The Quest: Choosing Your Direction
Next the organization must identify the specific quest that will lead to greater value generation. Executives increasingly use the term “transformation” as shorthand for “digital transformation.” But the ongoing digital revolution does not itself constitute a transformation—it is a means to an end, and you must define what that end should be.

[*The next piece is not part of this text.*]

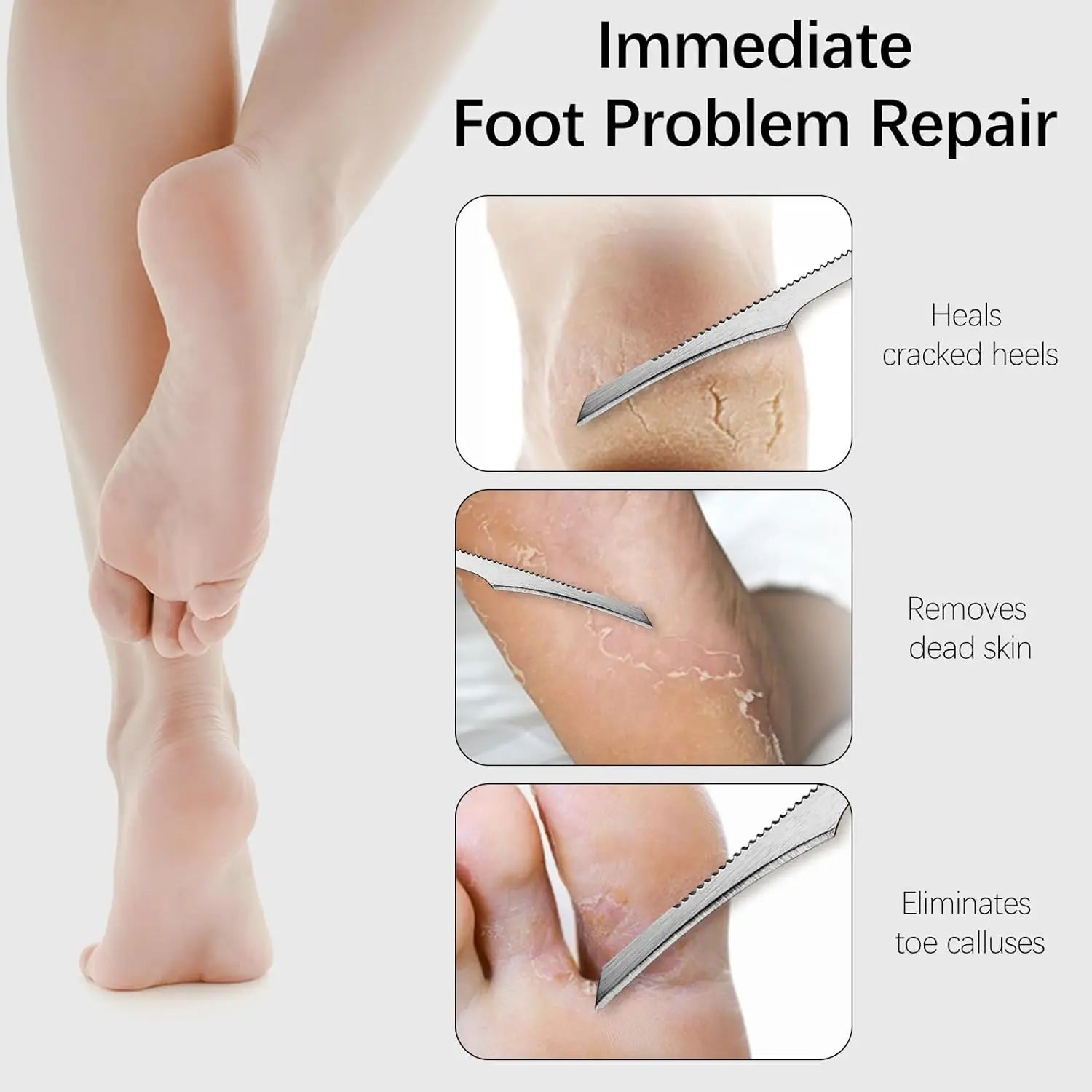 1pc Manicure Pedicure Tools Toe Nail Shaver Feet Pedicure Knife Kit Foot Callus Rasp File Dead Skin Remover Foot Care Tools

Studies and analysis that we have conducted show that most corporate transformation efforts are either derivatives or combinations of five prototypical quests:
- Global presence: extending market reach and becoming more international in terms of leadership, innovation, talent flows, capabilities, and best practices
- Customer focus: understanding your customers’ needs and providing enhanced insights, experiences, or outcomes (integrated solutions) rather than just products or services
- Nimbleness: accelerating processes or simplifying how work gets done to become more strategically, operationally, and culturally agile
- Innovation: incorporating ideas and approaches from fresh sources, both internal and external, to expand the organization’s options for exploiting new opportunities
- Sustainability: becoming greener and more socially responsible in positioning and execution
Each quest has its own focus, enablers, and derailers, and each requires the company to do something more or different with its operating model, customers, partners, internal processes, or resources. “Going digital” can support any of the five quests, and all of them call for discipline.